# Funny plywood



## DominikPierog (Jul 5, 2010)

Wow nice idea


----------



## jw2170 (Jan 24, 2008)

Did you make it Dominik?


----------



## DominikPierog (Jul 5, 2010)

I have found on the internet. I was wondering how it is so thoroughly Glued.
However, it is a simple plywood, finished on the CNC.
bubble plywood








The Bubble Cabinet & Apple Cabinet | Straight Line Designs Inc.


----------



## JOAT (Apr 9, 2010)

Certainly different at any rate. Not sure If I like it, or hate it.
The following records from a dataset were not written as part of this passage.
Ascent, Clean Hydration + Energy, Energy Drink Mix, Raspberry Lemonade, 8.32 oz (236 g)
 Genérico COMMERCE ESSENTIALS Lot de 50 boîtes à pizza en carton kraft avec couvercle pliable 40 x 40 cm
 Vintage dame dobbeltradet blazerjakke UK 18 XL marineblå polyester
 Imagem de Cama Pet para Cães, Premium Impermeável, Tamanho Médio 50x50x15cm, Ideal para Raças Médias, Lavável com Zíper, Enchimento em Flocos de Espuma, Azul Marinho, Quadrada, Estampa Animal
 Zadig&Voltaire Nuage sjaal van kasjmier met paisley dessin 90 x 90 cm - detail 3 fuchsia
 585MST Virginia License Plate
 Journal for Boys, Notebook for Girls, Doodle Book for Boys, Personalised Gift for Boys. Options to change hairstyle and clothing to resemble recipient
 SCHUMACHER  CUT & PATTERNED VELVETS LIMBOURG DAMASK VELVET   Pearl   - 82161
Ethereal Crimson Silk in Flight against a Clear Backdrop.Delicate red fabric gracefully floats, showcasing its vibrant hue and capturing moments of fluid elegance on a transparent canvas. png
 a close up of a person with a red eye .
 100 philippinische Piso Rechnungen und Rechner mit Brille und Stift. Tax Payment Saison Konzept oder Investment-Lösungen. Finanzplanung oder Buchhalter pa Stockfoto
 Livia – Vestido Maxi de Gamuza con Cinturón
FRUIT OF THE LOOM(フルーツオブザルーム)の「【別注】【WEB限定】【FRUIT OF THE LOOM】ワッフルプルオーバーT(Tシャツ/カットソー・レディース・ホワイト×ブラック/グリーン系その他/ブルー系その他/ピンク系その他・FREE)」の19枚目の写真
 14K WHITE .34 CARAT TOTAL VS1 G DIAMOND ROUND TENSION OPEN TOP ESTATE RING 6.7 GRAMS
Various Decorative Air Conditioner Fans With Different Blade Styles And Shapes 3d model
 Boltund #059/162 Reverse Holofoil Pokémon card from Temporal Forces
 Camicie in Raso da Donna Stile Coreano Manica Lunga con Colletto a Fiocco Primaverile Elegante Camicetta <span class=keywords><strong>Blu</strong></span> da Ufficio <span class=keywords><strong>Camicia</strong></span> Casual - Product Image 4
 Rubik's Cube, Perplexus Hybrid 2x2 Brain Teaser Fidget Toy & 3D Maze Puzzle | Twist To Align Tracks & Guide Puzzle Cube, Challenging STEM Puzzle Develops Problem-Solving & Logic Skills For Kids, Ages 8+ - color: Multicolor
Interesting at any rate.


----------



## neville9999 (Jul 22, 2010)

Dominik I think that the circles are made by going deeper into the plywood and that means that the circles are little mountains cut into the plywood, this is not a flat surface but it goes up and down into the ply and back up again and it is going into the ply layer below the top layer and then into the layer under that one so the little hills would be at least 5mm higher than the little valleys, the proof is that when you look at the side edges of the cabinet then those edges are wavy, that wavy look is created by the cutter doing what I said, it goes up and down into the ply and cuts into the deeper ply layers, I also think that the ply that was used was made from thinner thicknesses of ply laminations, if they used ply made from thicker lamination's then the circles would be larger in diameter, so to get these tight circles then the ply lamination's were thinner, I wonder how long the CNC Router took to make that pattern as that time would have changed the value of the ply quite a lot, I am sure that there are persons who will buy that cabinets and they may pay a lot for it, there are some very expensive veneers that when they are layed onto a substrate then that sheet becomes very valuable indeed, I wonder how those sheets compare to a sheet that has been sculptured the way this one has been. It is an art cabinet and made to sit in the corner looking interesting and like Theo I don't know if I like it or I hate it but that is what art is about, controversy. NGM


----------



## Knothead47 (Feb 10, 2010)

> Dominik I think that the circles are made by going deeper into the plywood and that means that the circles are little mountains cut into the plywood


If you look at the right edge of the cabinet, you will notice that the corner is wavy, not straight. The edge is more noticeable near the bottom.
It's different!


----------



## DominikPierog (Jul 5, 2010)

Knothead47 said:


> If you look at the right edge of the cabinet, you will notice that the corner is wavy, not straight. The edge is more noticeable near the bottom.
> It's different!


Its bubble plywood > The Bubble Cabinet & Apple Cabinet | Straight Line Designs Inc.


----------